One of the core components of this approach is designing effective interview questions and asking those questions to all candidates for a given role. While many companies are on board with this concept, most struggle to execute it in practice. Here are four tips for designing better, less bias-prone interview questions:

(1) Relevance: The answer to the question should be relevant for the role
What not to ask: "If you were able to have dinner with any person in history, alive or dead, who would that be?"

Companies ask questions like this to try and understand more about who a candidate is and how they think. Unfortunately, these questions have nothing to do with the job, and an interviewer's impression of the candidate's answer is highly likely to be influenced by their own irrelevant beliefs. Unless the job this candidate is interviewing for has to do with throwing dinner parties for historical figures, this question is irrelevant.

Try this instead: If you want to know how a candidate thinks, have them walk through how they would solve a problem that comes up in the job. For example, "Tell me about a time you worked through a complex problem. What steps did you take to solve it?" Hiring for a client-facing role? Try this: "Tell me about a time you had to deal with a difficult client. What was the situation and how did you handle it?" Note that these questions can be either behavioral (an example from the past, e.g., "Tell me about a time...") or situational ("Tell me how you would solve x problem...").

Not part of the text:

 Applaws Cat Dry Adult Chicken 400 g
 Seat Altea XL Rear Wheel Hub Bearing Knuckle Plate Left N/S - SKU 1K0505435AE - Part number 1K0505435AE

(2) Subjectivity: The quality of the candidate's answer shouldn't depend on the interviewer's own subjective opinions
What not to ask: "What is the most interesting technology product on the market today?"

Companies ask questions like this to see whether a candidate is thoughtful and knowledgeable about the industry, but evaluating an answer to this question can be highly subjective.

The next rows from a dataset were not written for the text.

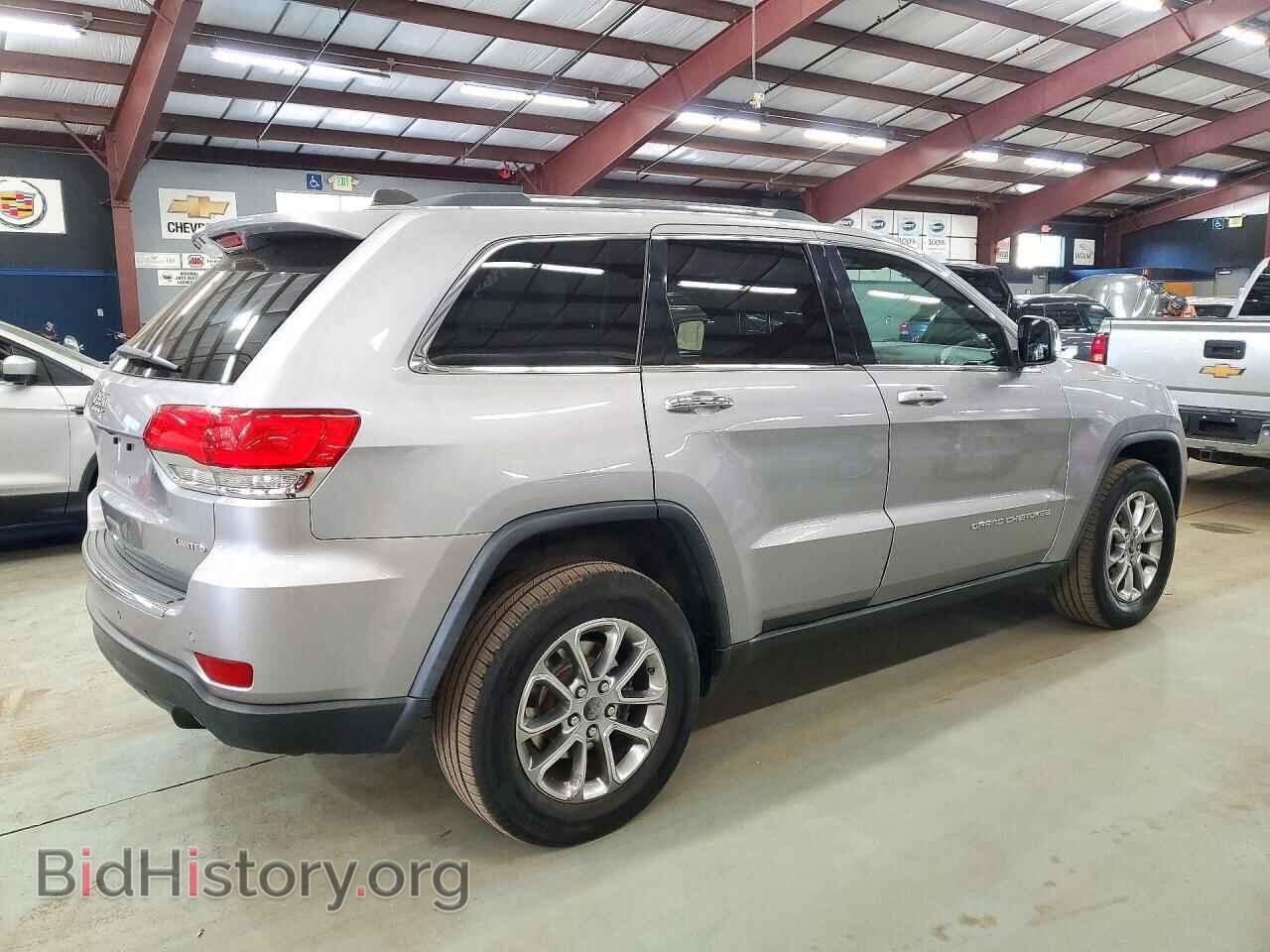 2014 JEEP CHEROKEE - VIN: 1C4RJFBG6EC309186 - Фото 3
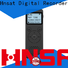 Hnsat digital recorder professional factory for voice recording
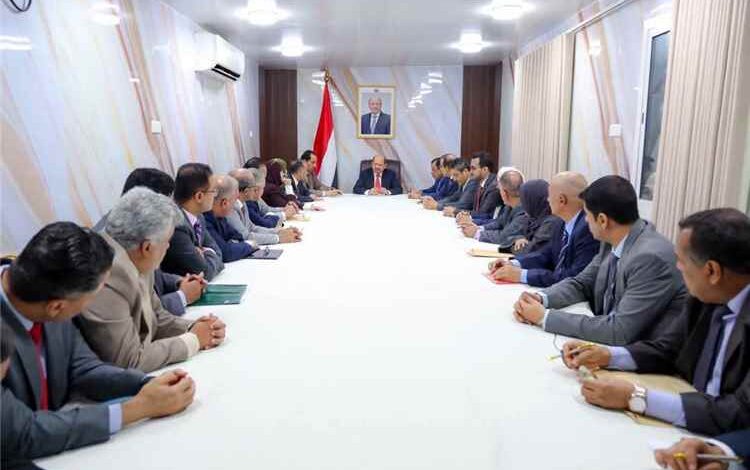 مجلس الوزراء: لن نتعامل مع التصعيد الحـ.ـوثي كأمر واقع.. واستكمال استعادة الدولة أساس السلام
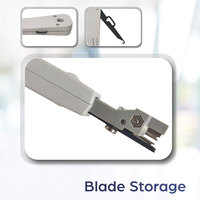 Pince à sertir RJ45 110 Type Krone pour câbles réseau, outil de poinçonnage facile pour connecteurs Keystone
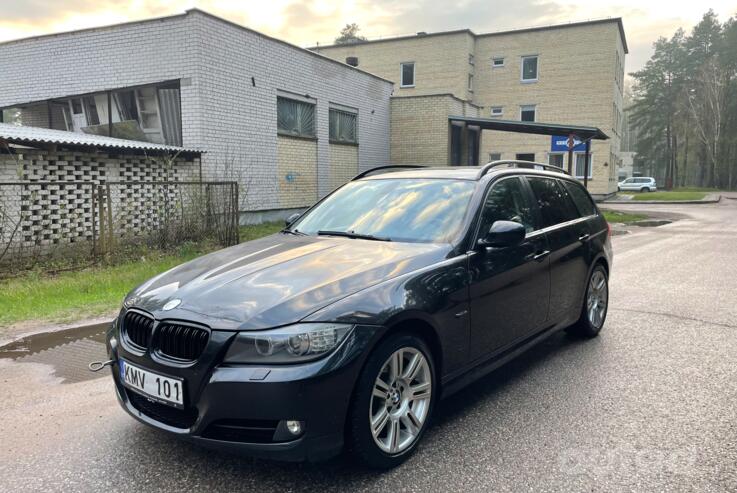 BMW 3 Series E90/E91/E92/E93 [restyling] Touring wagon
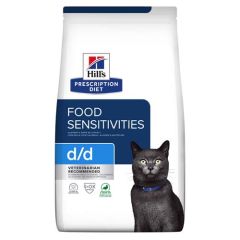 Hill's Prescription Diet Feline D/D Pato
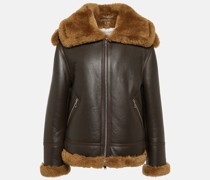 Jacke aus Shearling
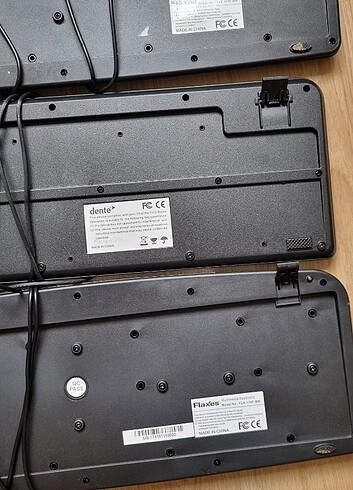 Klavye 3 adet fiyati - Görsel 2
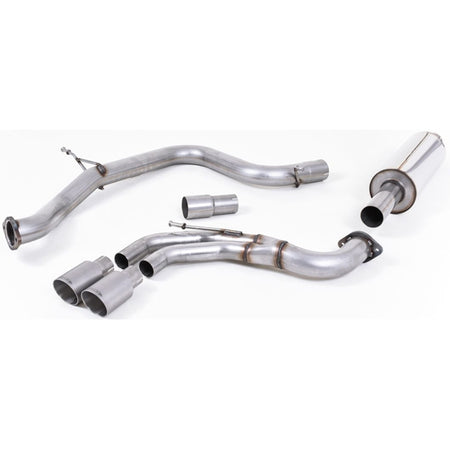 Milltek Cat-back Volkswagen Golf MK7 GTD 2.0 TDI 185PS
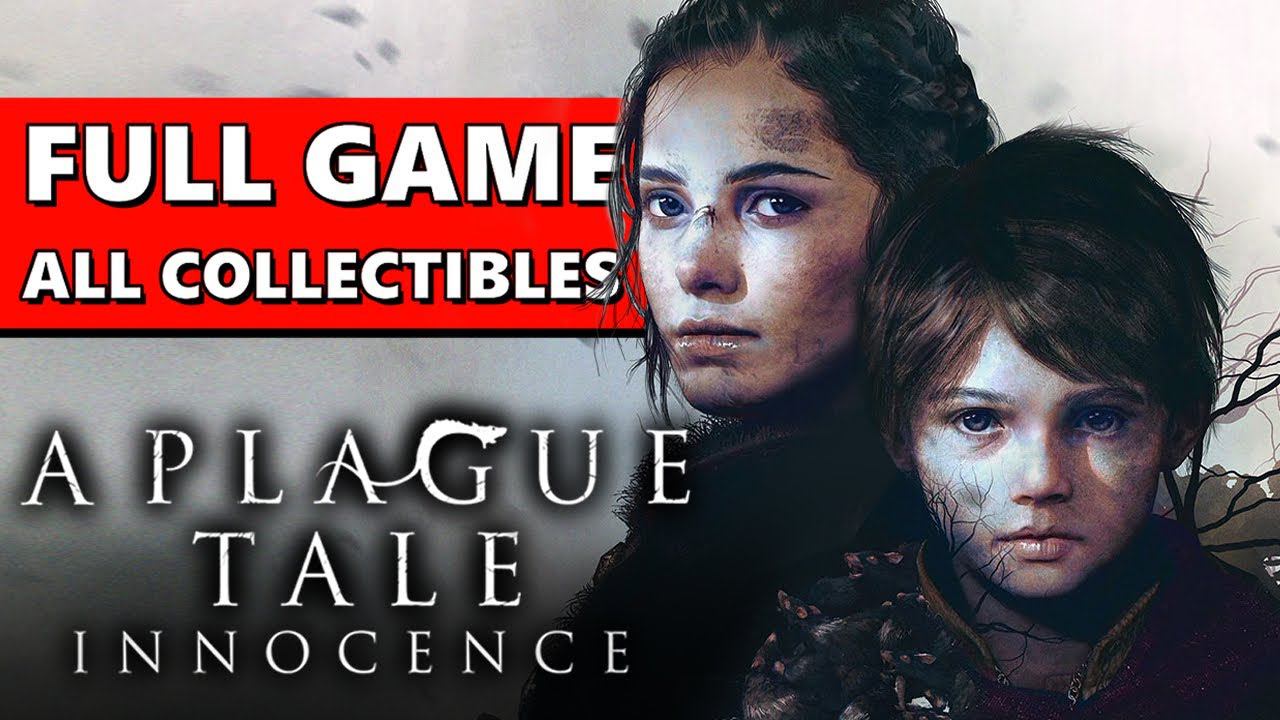 A Plague Tale: Innocence 100% Full Walkthrough PS5 4K 60FPS No commentary смотреть онлайн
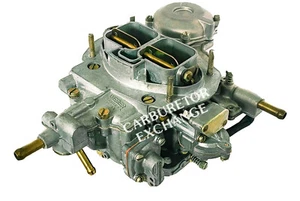 1968~1973 FIAT Model 124 Weber Remanufactured Carburetor ~ 32DHSA - Picture 1 of 1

Try this instead: Make sure it's possible to evaluate answers objectively. Here are some examples: "Tell me about a competing company in our industry. What is one way our technologies/business models differ?" or "Tell me about a new innovation/new piece of research/new technology you've recently learned about and/or have started using. How did you hear about it? How has it affected your work? These questions can be used to assess a candidate's knowledge of (and engagement with) the industry.

(3) Specificity: The question shouldn't be so specific that it doesn't apply to all candidates
What not to do: "Describe a time when you've been upset with your performance at work and it affected your relationship with others. How did you handle the situation?"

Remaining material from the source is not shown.